Ottawa

Tories say Gallant's remarks 'not party policy'

Conservatives were forced to trot out their "not party policy" comments again Sunday to distance themselves from another Conservative candidate's controversial remarks.

Conservatives were forced to trot out their "not party policy" comments again Sunday to distance themselves from another Conservative candidate's controversial remarks.

In an interview with CTV News, Renfrew-Nipissing-Pembroke MP Cheryl Gallant said Canada's newly amended hate law should be repealed.

Gallant said adding "sexual orientation" to the list of groups protected from hate crimes creates a problem.

"The danger in having sexual orientation just listed — that encompasses, for example, pedophiles," Gallant said.

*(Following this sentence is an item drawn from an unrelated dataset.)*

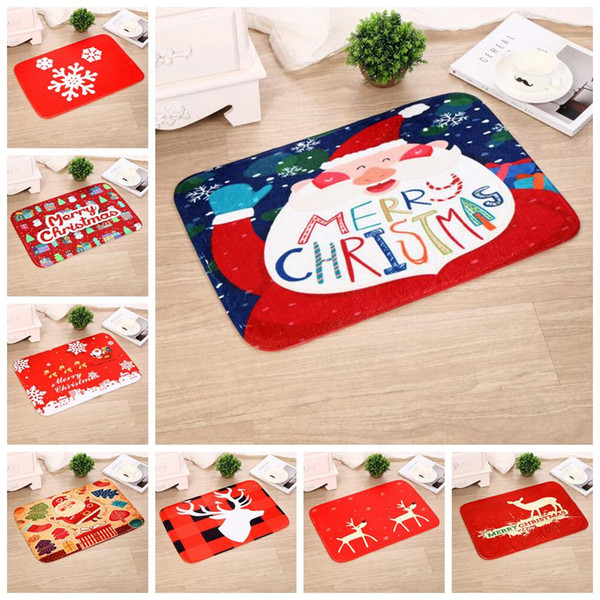 red christmas home decorations indoor outdoor doormat cartoon kids room carpet festival deer snowflake rugs for kitchen bathroom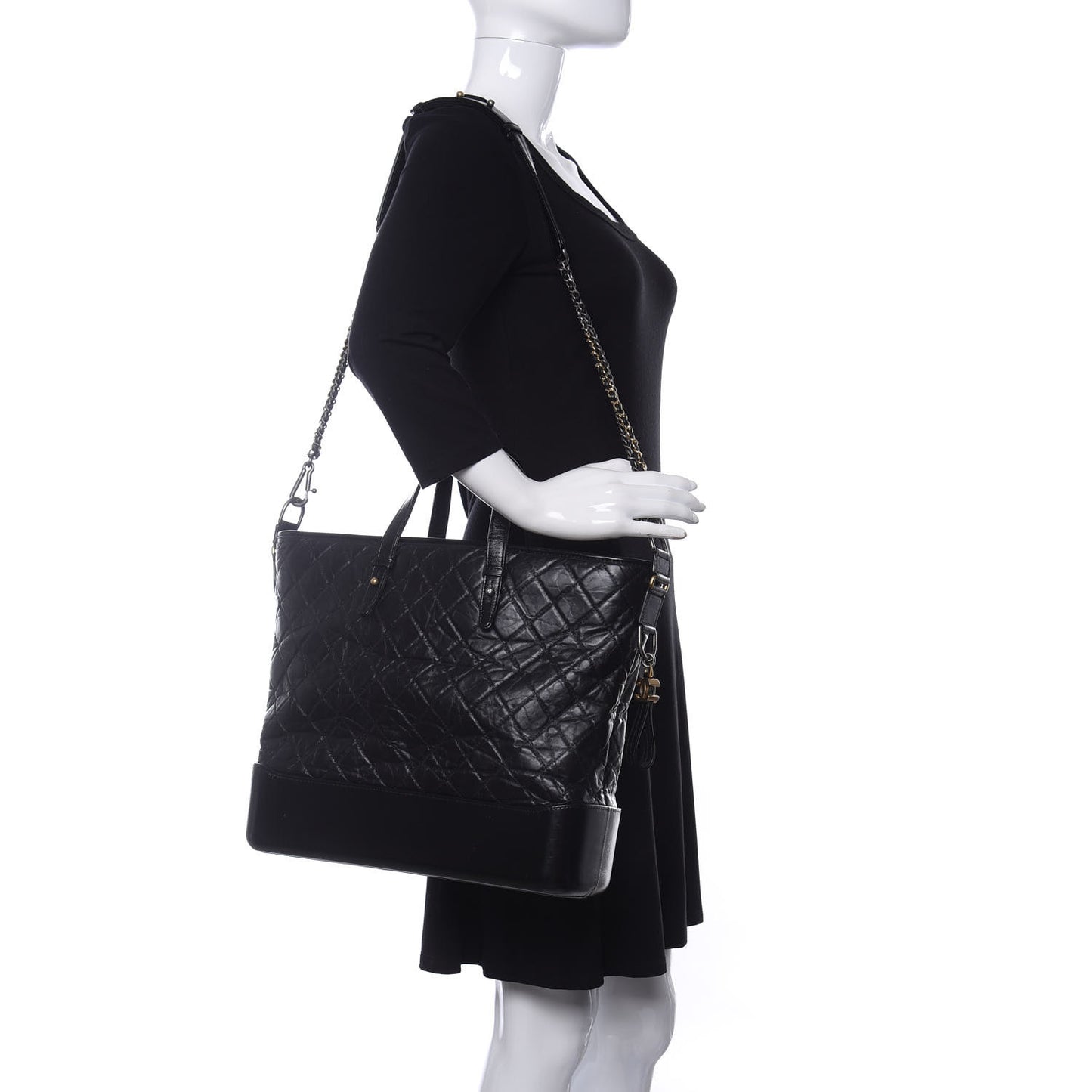 Calfskin Quilted Large Gabrielle Shopping Tote Black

"I believe that the caucus as a whole would like to see it repealed," she said.

But — just as the Conservative campaign machine quickly distanced itself from members who spoke out on abortion, bilingualism and the death penalty — Conservative House leader John Reynolds told CTV's Question Period that Gallant was expressing her own beliefs, which she is free to do.

"During a campaign, candidates are going to make comments. These things happen," he said.

"Candidates will say things for whatever reason in their own riding. But it's not a major issue with our party."

Canadians for Equal Marriage, a group that is actively tracking candidates' positions on same-sex issues, disagreed.

"First they say they would override our Charter protection against discrimination so they can take away our right to civil marriage," Alex Munter, co-chairman of Canadians for Equal Marriage, said in a statement.

"Then Mr. Harper makes jokes after a gay man is punched before his eyes at a Conservative rally. Now they want to change the law to deny us protection against hate crimes. What's next?"

Reynolds said the Conservative Party does not intend to repeal the law.

"I'm the House leader, and I've seen no line-up of letters in my office asking us to repeal that law. It's a bill that passed the House of Commons.

"[Gallant] will have every right to bring that up with a new caucus in Ottawa, which will be greater in numbers. But it's certainly not something that is going to get us off an agenda," Reynolds says.